TASK:
Would you give again, exactly as written, the lines from the opening of the records to the line with "Orgelmusik des 19. und 20. Jahrhunderts", that line included and pictures excluded?

(DATA SUPPLIED)

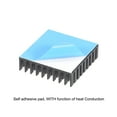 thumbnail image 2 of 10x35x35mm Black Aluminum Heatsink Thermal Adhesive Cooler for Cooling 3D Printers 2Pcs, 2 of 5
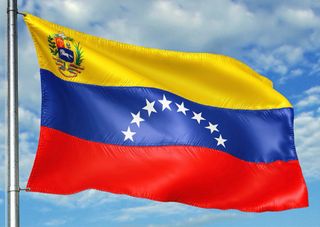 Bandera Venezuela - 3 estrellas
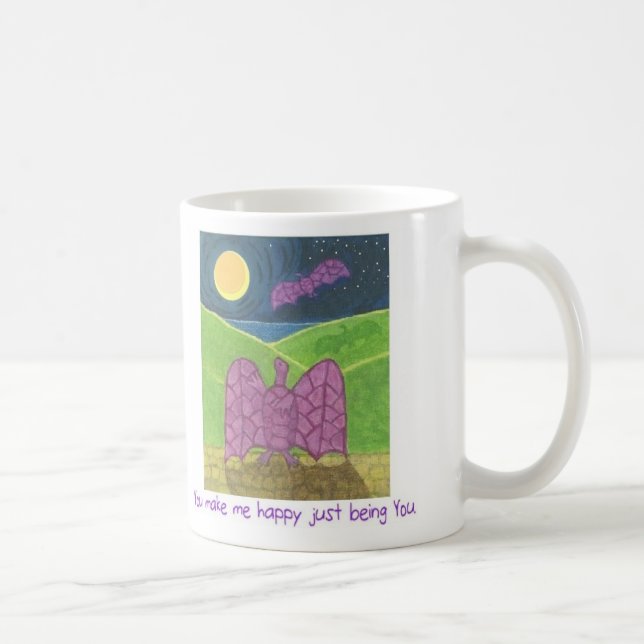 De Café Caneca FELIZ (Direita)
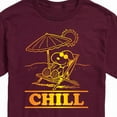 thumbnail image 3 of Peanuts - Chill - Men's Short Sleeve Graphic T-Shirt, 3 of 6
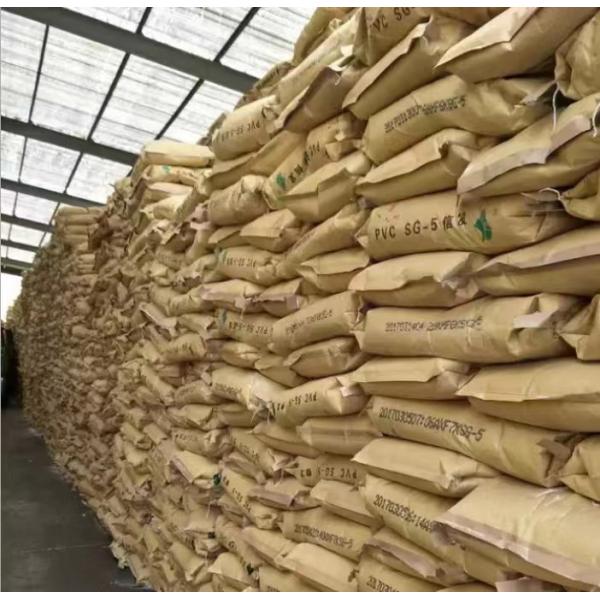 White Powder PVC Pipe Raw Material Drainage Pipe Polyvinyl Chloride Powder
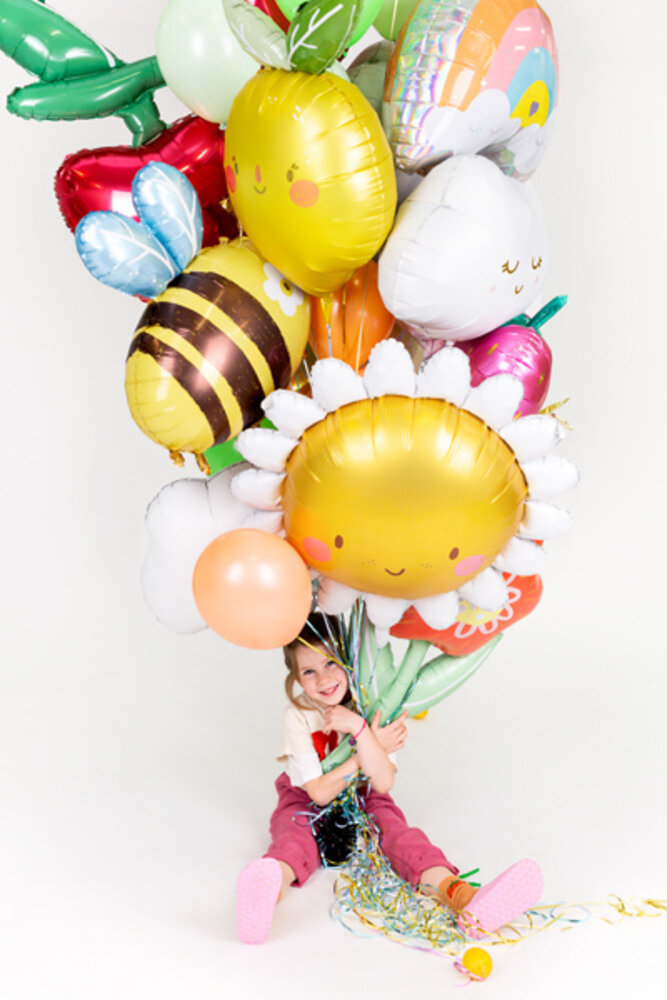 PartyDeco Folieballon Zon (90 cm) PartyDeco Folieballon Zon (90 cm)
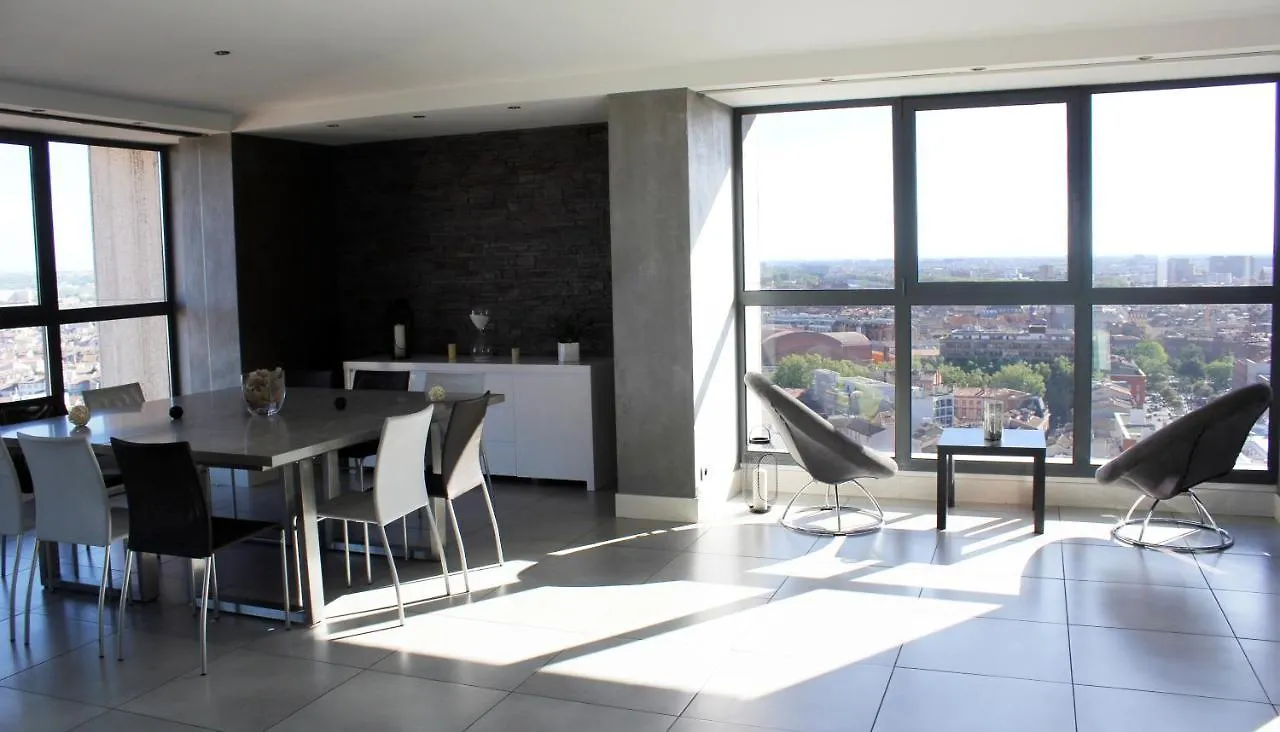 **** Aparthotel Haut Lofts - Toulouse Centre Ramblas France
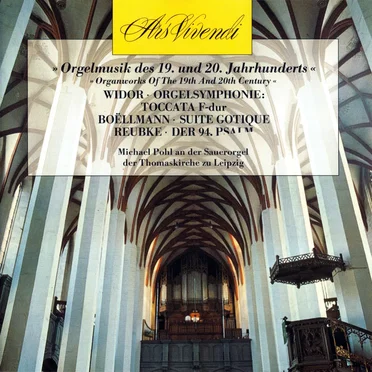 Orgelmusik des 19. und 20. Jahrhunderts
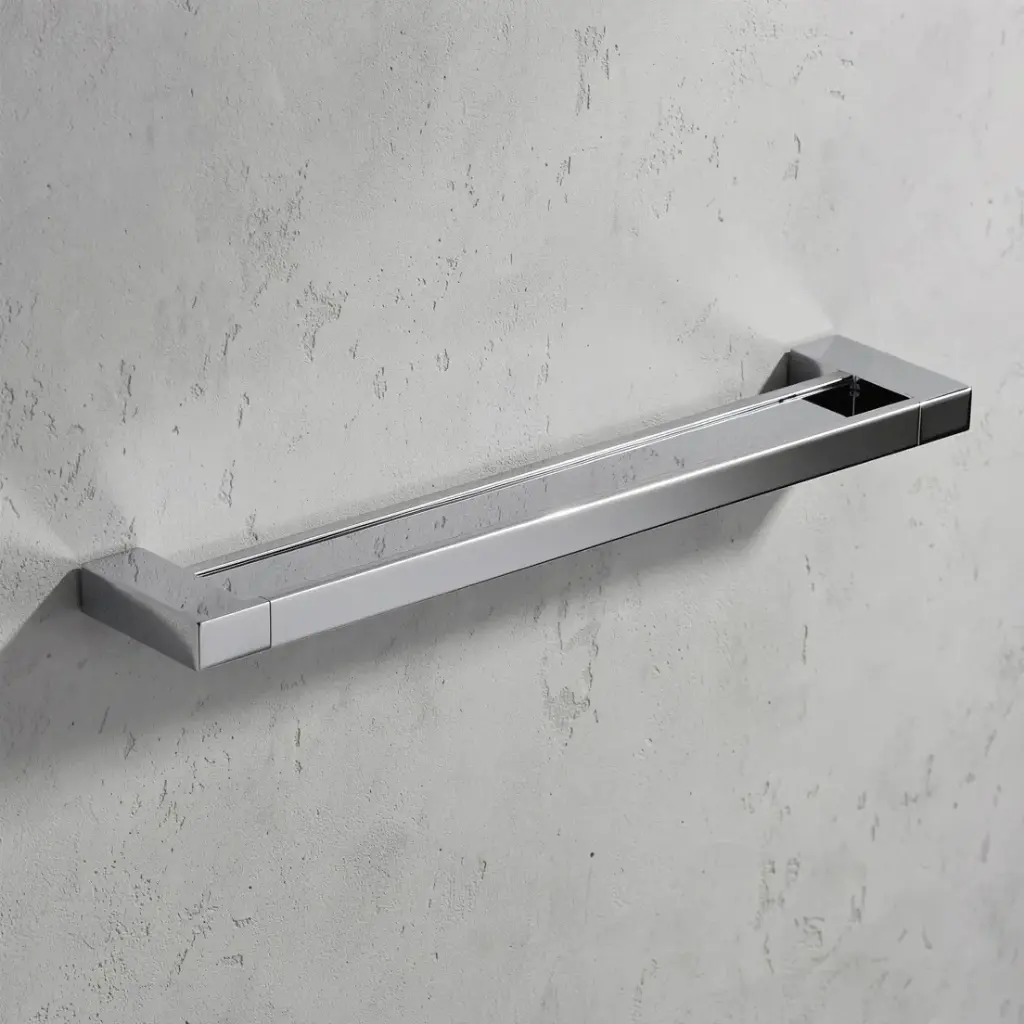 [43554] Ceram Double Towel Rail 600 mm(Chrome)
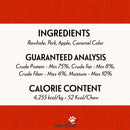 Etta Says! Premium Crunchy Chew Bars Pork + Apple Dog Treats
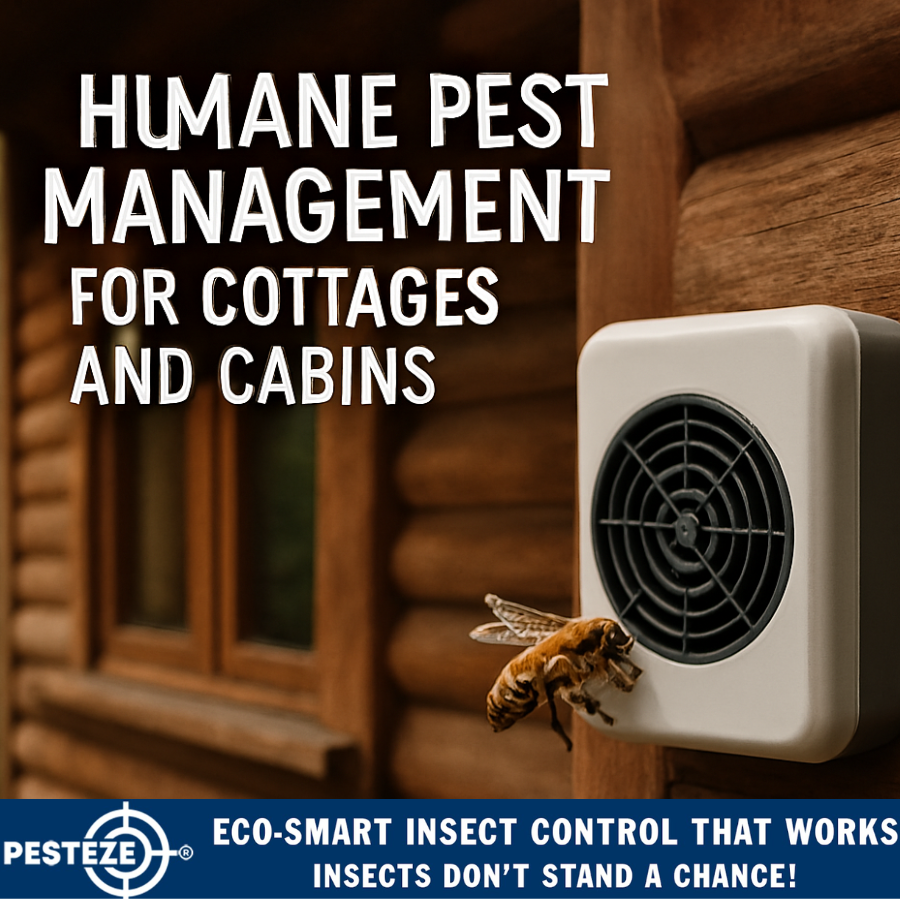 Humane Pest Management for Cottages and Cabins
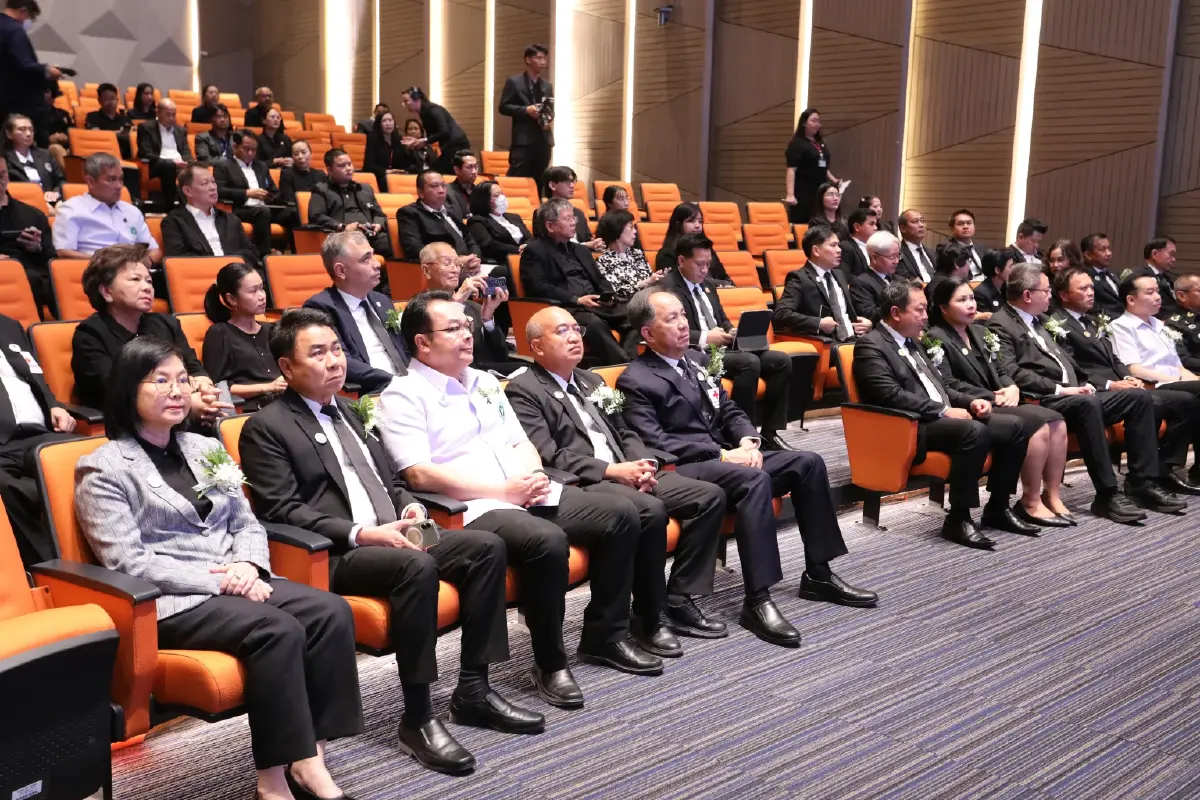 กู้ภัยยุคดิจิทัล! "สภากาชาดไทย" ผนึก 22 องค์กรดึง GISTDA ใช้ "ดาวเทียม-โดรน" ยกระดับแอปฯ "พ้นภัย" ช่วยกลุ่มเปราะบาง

(End DATA SUPPLIED)

YOUR RESPONSE:
 thumbnail image 2 of 10x35x35mm Black Aluminum Heatsink Thermal Adhesive Cooler for Cooling 3D Printers 2Pcs, 2 of 5
 Bandera Venezuela - 3 estrellas
 De Café Caneca FELIZ (Direita)
 thumbnail image 3 of Peanuts - Chill - Men's Short Sleeve Graphic T-Shirt, 3 of 6
 White Powder PVC Pipe Raw Material Drainage Pipe Polyvinyl Chloride Powder
 PartyDeco Folieballon Zon (90 cm) PartyDeco Folieballon Zon (90 cm)
 **** Aparthotel Haut Lofts - Toulouse Centre Ramblas France
 Orgelmusik des 19. und 20. Jahrhunderts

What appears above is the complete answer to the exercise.